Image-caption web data
____________
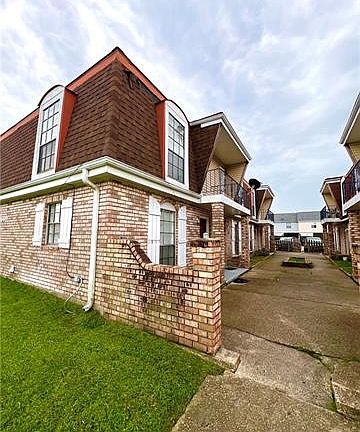 2nd image of 1609 42nd St #B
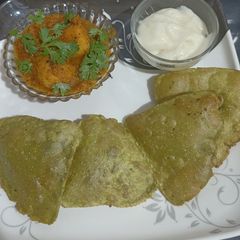 A picture of Palak Poori.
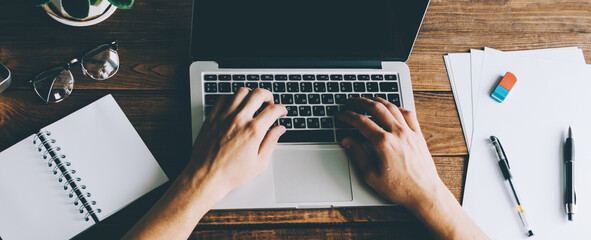 コラムサイトを制作するウェブデザイナーの1日の流れ！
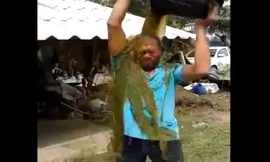 Màn thách thức “dội nước” gây hoảng sợ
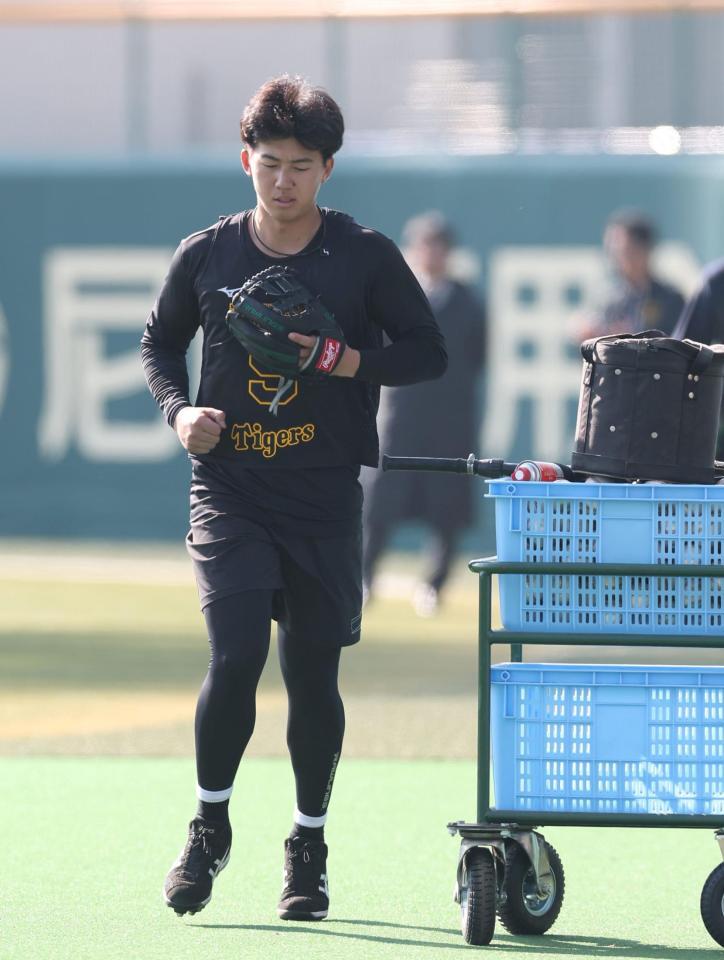 キャッチボールを終え、引き揚げる立石（撮影・西田忠信）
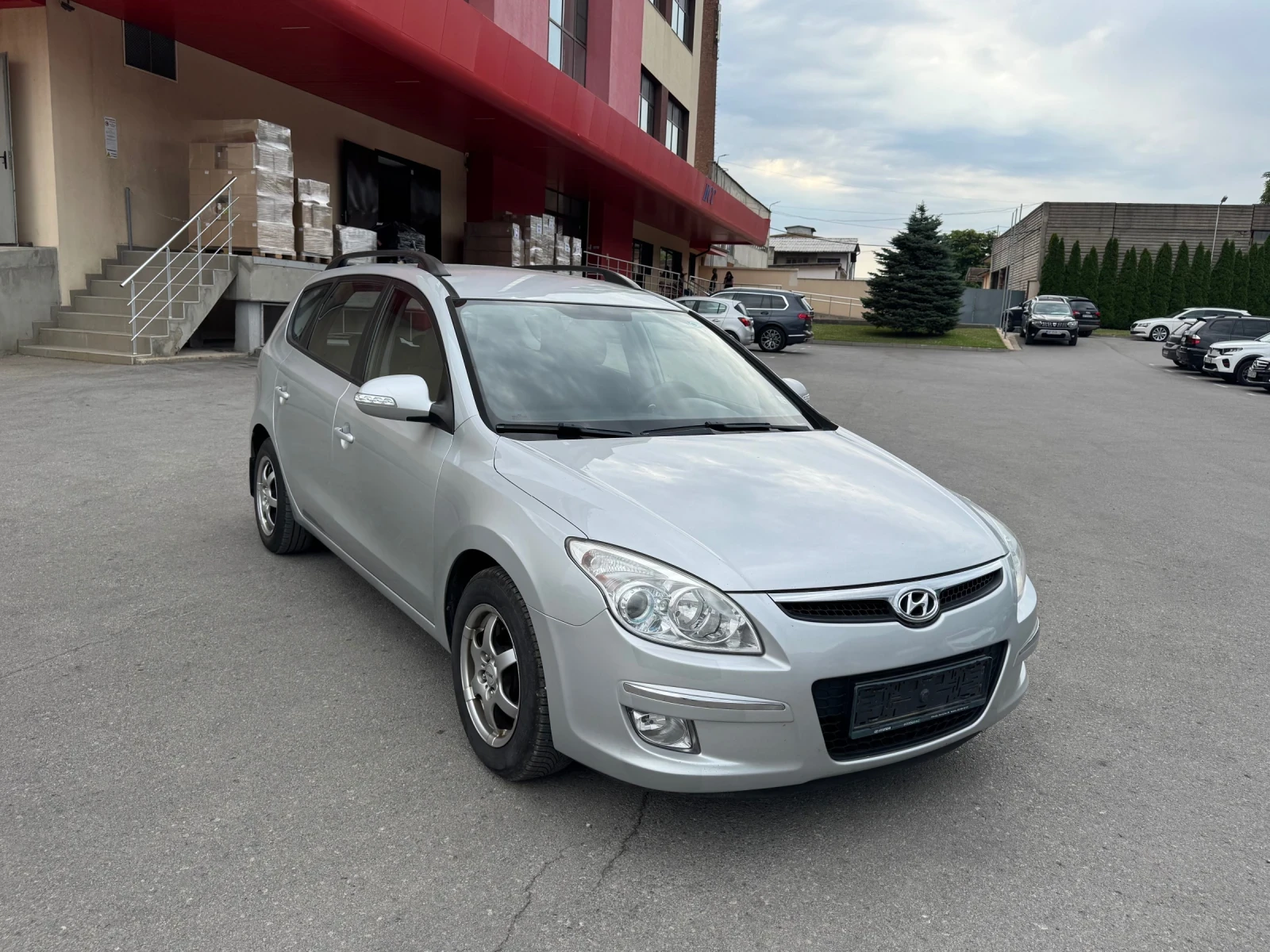 Hyundai I30 SW 1.6CDTI KLIMA - изображение 3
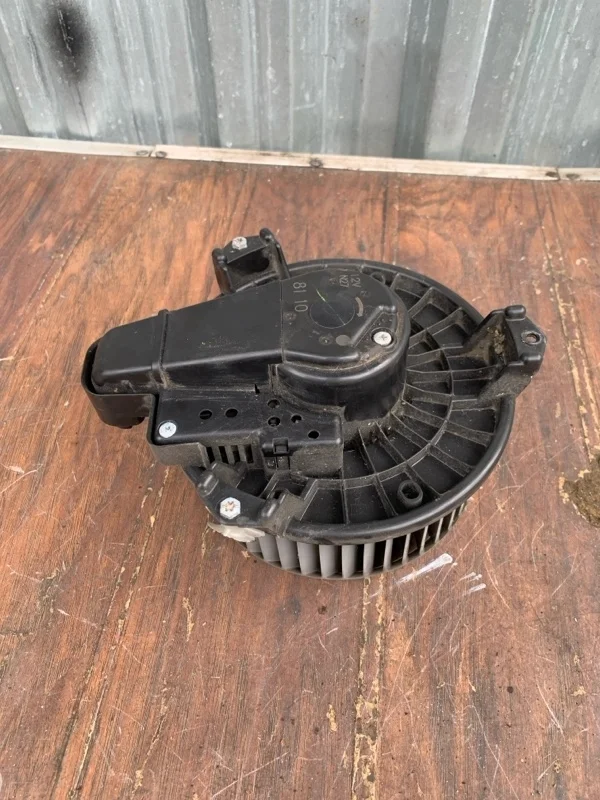 Мотор печки Toyota Highlander 2 2007-2013 2727000560 U40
____________
Assigned task »
Retype each of the entries above exactly as it appears, with no pictures.

Task solution »
 2nd image of 1609 42nd St #B
 A picture of Palak Poori.
 コラムサイトを制作するウェブデザイナーの1日の流れ！
 Màn thách thức “dội nước” gây hoảng sợ
 キャッチボールを終え、引き揚げる立石（撮影・西田忠信）
 Hyundai I30 SW 1.6CDTI KLIMA - изображение 3
 Мотор печки Toyota Highlander 2 2007-2013 2727000560 U40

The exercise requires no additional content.